今年に入ってからは、2月に予定した7日間コースがコロナで中止になったものの、5月、7月、8月にワーケーションコース「週末フォルケ」を実施。そこでもまた新しい気づきがあった。
「一度、週末フォルケに参加してくれた子が、またきてくれたんです。一回、来てくれたらこんなに気軽になるんだ、人間って面白いなと思いました。リモートワークも増えて働き方の価値観も少しずつ変化してるなかで、参加のハードルも少し下がった気がします」(遠又さん)
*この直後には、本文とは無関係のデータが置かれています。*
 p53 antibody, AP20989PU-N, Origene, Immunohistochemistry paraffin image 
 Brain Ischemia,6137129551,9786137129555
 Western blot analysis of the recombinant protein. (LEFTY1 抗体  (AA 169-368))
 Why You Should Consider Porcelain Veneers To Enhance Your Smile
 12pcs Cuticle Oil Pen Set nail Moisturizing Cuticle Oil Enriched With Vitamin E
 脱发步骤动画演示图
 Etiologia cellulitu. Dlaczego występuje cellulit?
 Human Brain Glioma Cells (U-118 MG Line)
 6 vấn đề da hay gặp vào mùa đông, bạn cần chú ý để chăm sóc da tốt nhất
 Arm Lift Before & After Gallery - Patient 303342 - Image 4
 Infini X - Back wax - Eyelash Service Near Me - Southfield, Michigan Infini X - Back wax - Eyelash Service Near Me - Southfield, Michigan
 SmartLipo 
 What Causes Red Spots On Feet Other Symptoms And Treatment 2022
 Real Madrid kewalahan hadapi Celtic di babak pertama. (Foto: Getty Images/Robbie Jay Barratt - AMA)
ふたりはこの夏、大きな一歩を踏み出した。8月24日から9月20日にかけて、27泊28日のプログラムを開催しているのだ。そして、来年の年明けには、3カ月のロングコースも予定している。
働きすぎ、頑張りすぎな日本人がこの長さのプログラムに参加するのは難しいとわかったうえで、それでも魅力にあふれた東川町だからこそ体験できることがあり、その体験を通して感じてもらいたいことがあるのだ。
フォルケホイスコーレで教師を務めるデンマーク人は、こう言っていたという。
「毎日忙しく仕事をしていると、自分がやりたいことよりもビジネス書を読むことを優先するようになったりするでしょう。そのうちに、自分がなにを好きかわからなくなったり、感性もだんだん衰えていっちゃう。だから、一回立ち止まる時間が必要なんだ。フォルケホイスコーレはもう一度いろいろなことを試せるのがメリットで、生徒のときめきを一緒に紡ぐのがフォルケで教える醍醐味だね」
安井さんと遠又さんが東川町で作り出そうとしているのも「一回立ち止まる時間」。
そこにはきっと、これまでにない出会いと気づきが待っている。